WHAT NEEDS TO BE DONE: No pictures go into the copy. Write out exactly the lines below from the one containing "Illinois district administrator" through the one containing "Banner: Curso Leitura".

INFORMATION SUPPLIED:

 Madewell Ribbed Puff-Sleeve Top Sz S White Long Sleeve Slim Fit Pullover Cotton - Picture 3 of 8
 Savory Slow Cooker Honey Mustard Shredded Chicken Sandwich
* * *
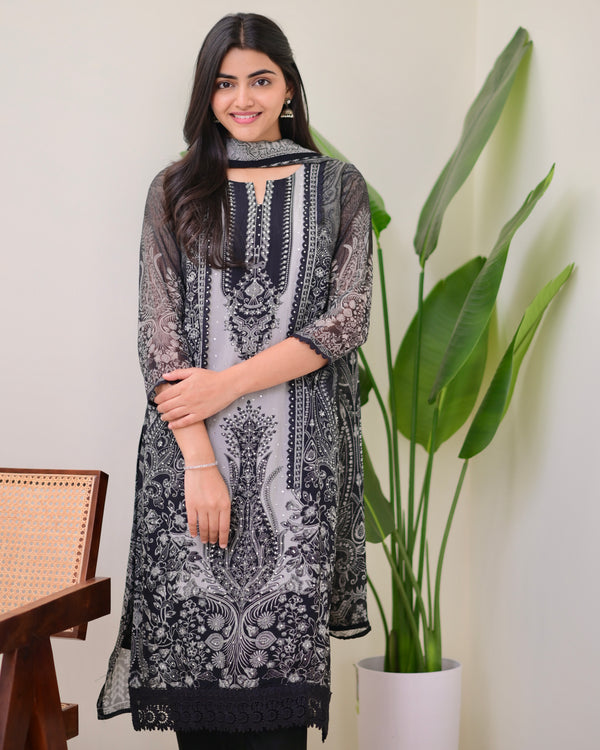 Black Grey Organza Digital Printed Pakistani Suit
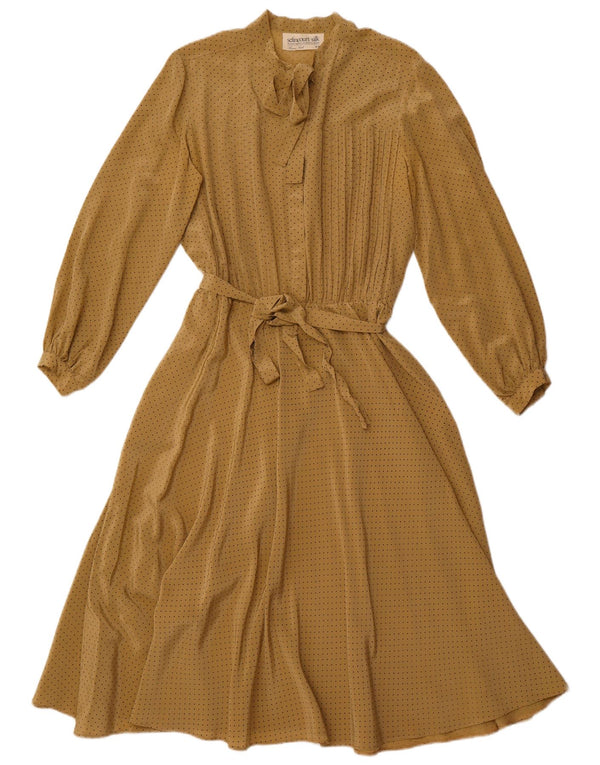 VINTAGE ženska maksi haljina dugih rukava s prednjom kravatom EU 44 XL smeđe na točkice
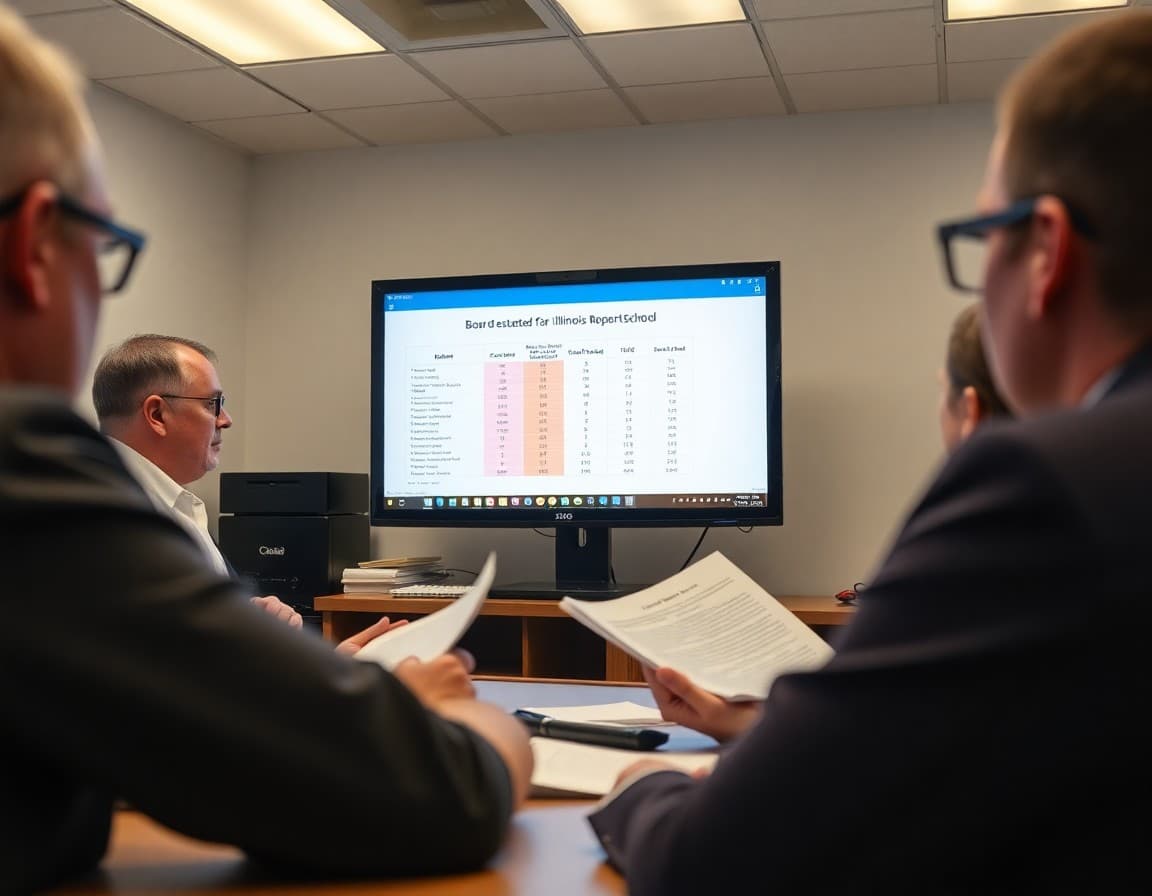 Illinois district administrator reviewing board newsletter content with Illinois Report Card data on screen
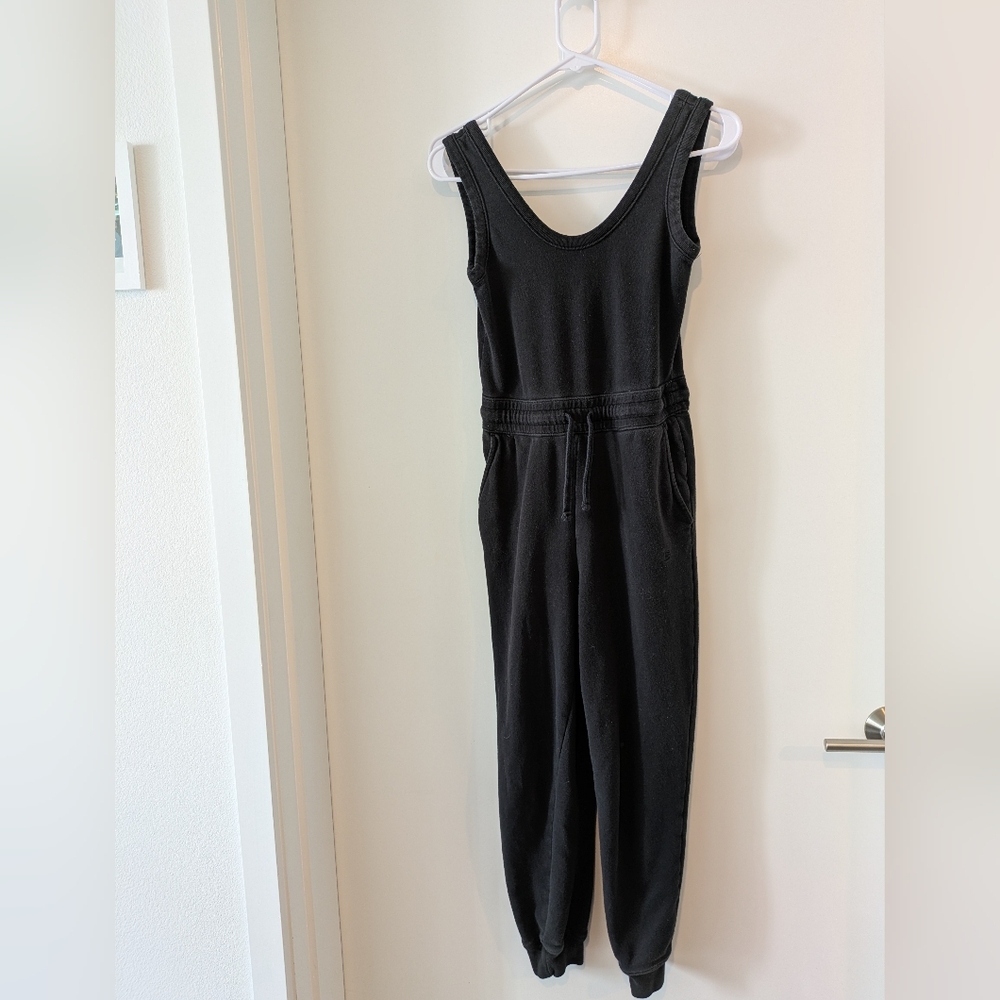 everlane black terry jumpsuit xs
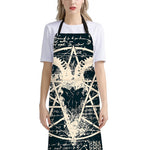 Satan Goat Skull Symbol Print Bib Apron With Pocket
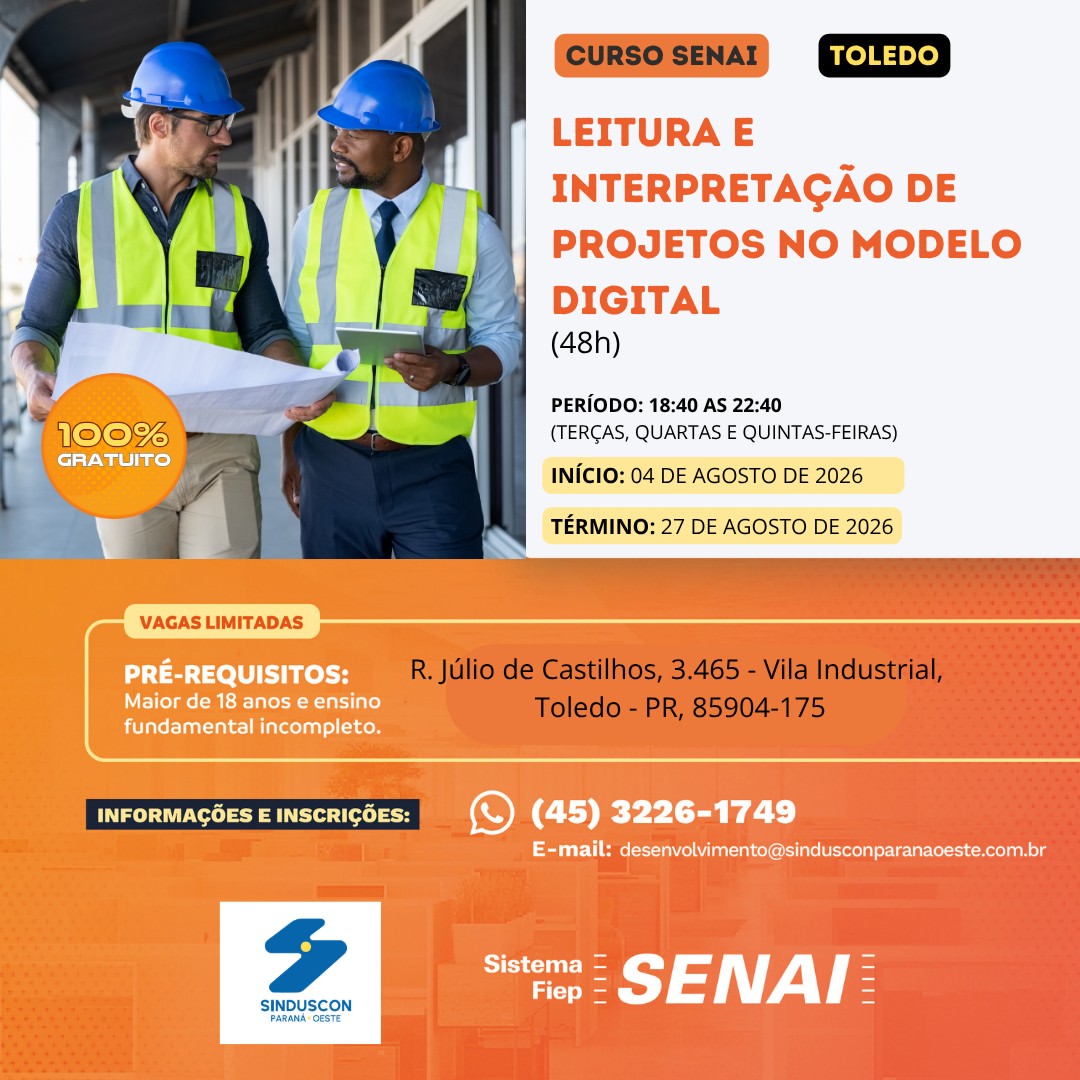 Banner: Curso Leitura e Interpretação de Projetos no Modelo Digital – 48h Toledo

WRITTEN ANSWER:
 Illinois district administrator reviewing board newsletter content with Illinois Report Card data on screen
 everlane black terry jumpsuit xs
 Satan Goat Skull Symbol Print Bib Apron With Pocket
 Banner: Curso Leitura e Interpretação de Projetos no Modelo Digital – 48h Toledo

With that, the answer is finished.